== Available data

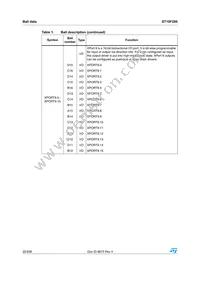 ST10F280 Datasheet Page 22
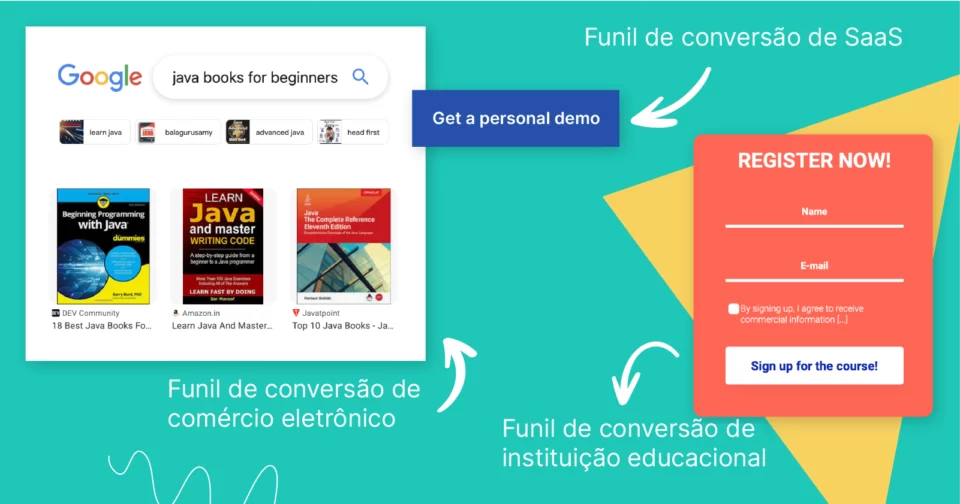 Exemplos de funil de conversão para comércio eletrônico, SaaS, educação
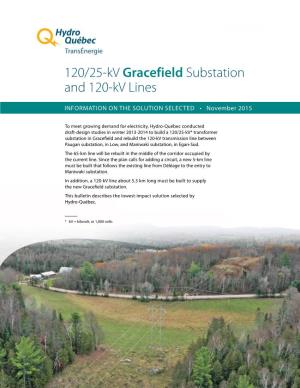 120/25-Kv Gracefield Substation and 120-Kv Lines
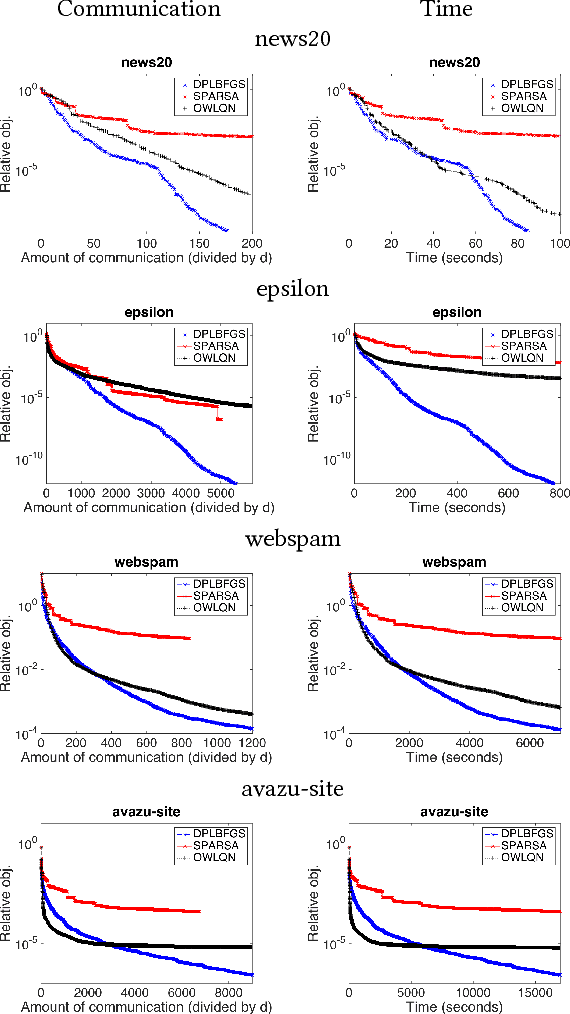 Figure 2 for A Distributed Quasi-Newton Algorithm for Empirical Risk Minimization with Nonsmooth Regularization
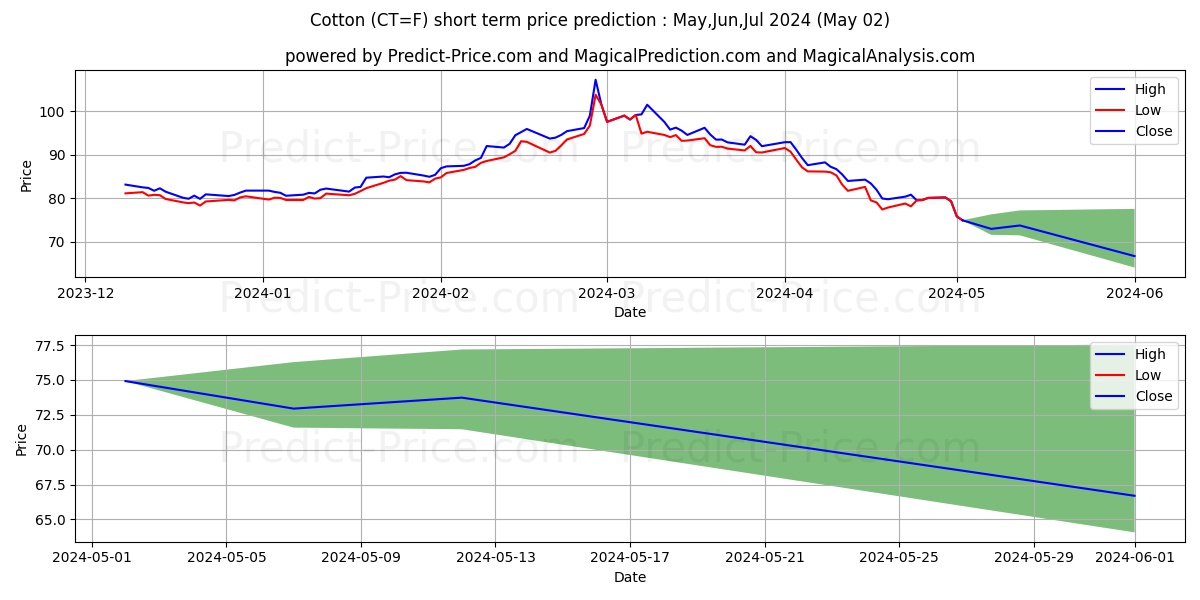 Cotton short term price prediction: Mar,Apr,May 2024|CT=F: 123.79$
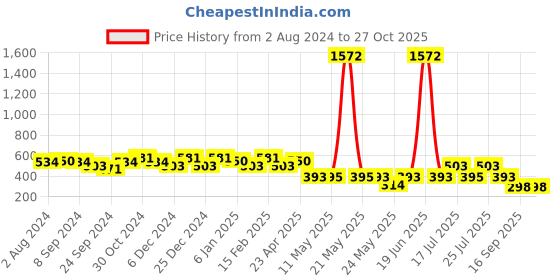 myntra.com Rubans Rose Gold Plated White Artificial Pearls Mangalsutra Bracalet rubans Price History Graph from 2 Aug 2024 to 27 Oct 2025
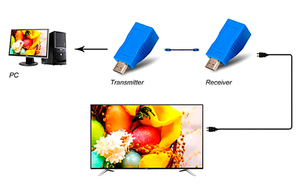 Удлинитель HDMI (HDMI Extender) до 30 метров по витой паре #1733092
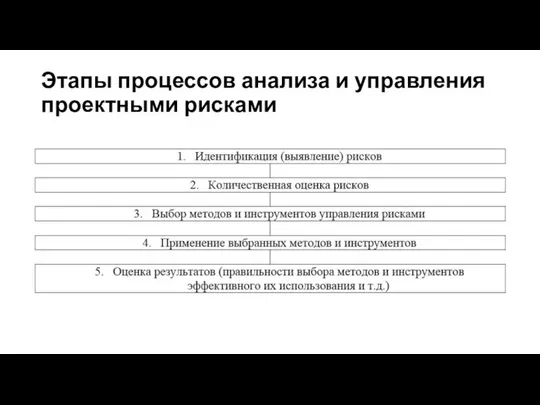 Этапы процессов анализа и управления проектными рисками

====

What this task involves
Starting at the line above that holds "Figure 2 for", repeat every line exactly down to and including the line that holds "myntra.com Rubans Rose", then stop. Do not carry over any pictures.

Exercise solution
 Figure 2 for A Distributed Quasi-Newton Algorithm for Empirical Risk Minimization with Nonsmooth Regularization
 Cotton short term price prediction: Mar,Apr,May 2024|CT=F: 123.79$
 myntra.com Rubans Rose Gold Plated White Artificial Pearls Mangalsutra Bracalet rubans Price History Graph from 2 Aug 2024 to 27 Oct 2025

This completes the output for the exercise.